In Connecticut, lawmakers are considering legislation that would regulate adult use cannabis for those 21 years and older. On Monday morning, a judiciary committee public hearing was held so that concerned citizens could weigh in on the potential historic law.
Not everyone who showed out was in favor of legalizing marijuana. Ken Walch, an activist with Coalition for a Better Wallington, broke down while speaking of his concern that using marijuana leads to harder drug abuse. Walch’s 21 year old stepdaughter Taylor died of substance abuse.
“If you do it Taylor would be looking down shedding a tear for all of us,” he said.
Some lawmakers took a practical approach to the issue of cannabis legalization.
“No one is here advocating for the use of cannabis, that’s not what this is about,” said Representative Steve Stafstrom. This is about saying it is here. It is at our doorsteps. It’s on our streets. How should we as a state regulate that substance?”
Others have spoken out about how marijuana legalization relates to human rights issues. Notably, the state’s Governor Ned Lamont used his State of the State address to talk about the importance of removing cannabis prohibition. His remarks were seen as a push for policymakers to enact marijuana access laws, and accordingly, the new proposed legislation was dubbed the Governor’s Bill to recognize his support.
Past efforts to legalize marijuana in the state, such as an unsuccessful 2019 legislative push, have also been motivated by Connecticut’s history of racially biased policing.
Neighboring States Reforming Laws
Connecticut’s neighboring state Massachusetts voted to legalize recreational cannabis in 2016; the vote was signed into law in 2017. Operating dispensaries are now located 30 miles away from Connecticut’s capital Hartford, a fact that essentially ensures that Connecticuts’ cannabis users already have access to recreational marijuana — but tax revenue from those purchases are not going into the state’s coffers.
The state’s other regional neighbors New York, New Jersey, and Rhode Island are all considering plans to legalize cannabis. Governors have been attempting to regularize regulations so as to facilitate cross-state activity and minimize the number of residents going over state lines to buy their cannabis. Last fall, Lamont and New York governor Mario Cuomo held a press conference establishing a “strategic partnership” between the states when it comes to e-cigarette and cannabis policy.
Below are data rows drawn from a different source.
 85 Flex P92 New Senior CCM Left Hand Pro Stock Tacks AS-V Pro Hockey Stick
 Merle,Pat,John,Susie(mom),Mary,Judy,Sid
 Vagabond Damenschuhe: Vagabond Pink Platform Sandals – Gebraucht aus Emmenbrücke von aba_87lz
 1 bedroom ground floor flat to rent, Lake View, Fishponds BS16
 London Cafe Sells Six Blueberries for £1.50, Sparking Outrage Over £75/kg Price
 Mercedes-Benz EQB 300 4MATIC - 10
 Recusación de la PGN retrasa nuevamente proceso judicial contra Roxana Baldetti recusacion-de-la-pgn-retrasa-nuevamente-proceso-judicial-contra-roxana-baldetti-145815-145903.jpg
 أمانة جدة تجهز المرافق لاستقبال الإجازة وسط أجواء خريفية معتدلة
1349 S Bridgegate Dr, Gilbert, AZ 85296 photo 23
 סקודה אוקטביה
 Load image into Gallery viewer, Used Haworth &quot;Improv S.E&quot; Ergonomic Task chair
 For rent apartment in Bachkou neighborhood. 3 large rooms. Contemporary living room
Many of Connecticut’s institutions have begun to show new interest in the legal uses of cannabis. In New Haven, Yale University’s School of Medicine announced that it had been awarded the state’s first license to study cannabis’ effects on mental health.
Connecticut legalized medical marijuana back in 2012, and last year expanded the program to allow entry of patients with eight more medical conditions, including rheumatoid arthritis and migraines.
The state’s currently proposed legalization regulations would erase cannabis-related convictions related to under four ounces of marijuana that occurred after October 2015. It would allow consumers to buy up to an ounce and a half of cannabis at once.
“This is about how do we do something that is forward-looking and future-looking and yes deals with the issues past because of bad policy we’ve had,” said state Senator Gary Winfield at Monday’s hearing.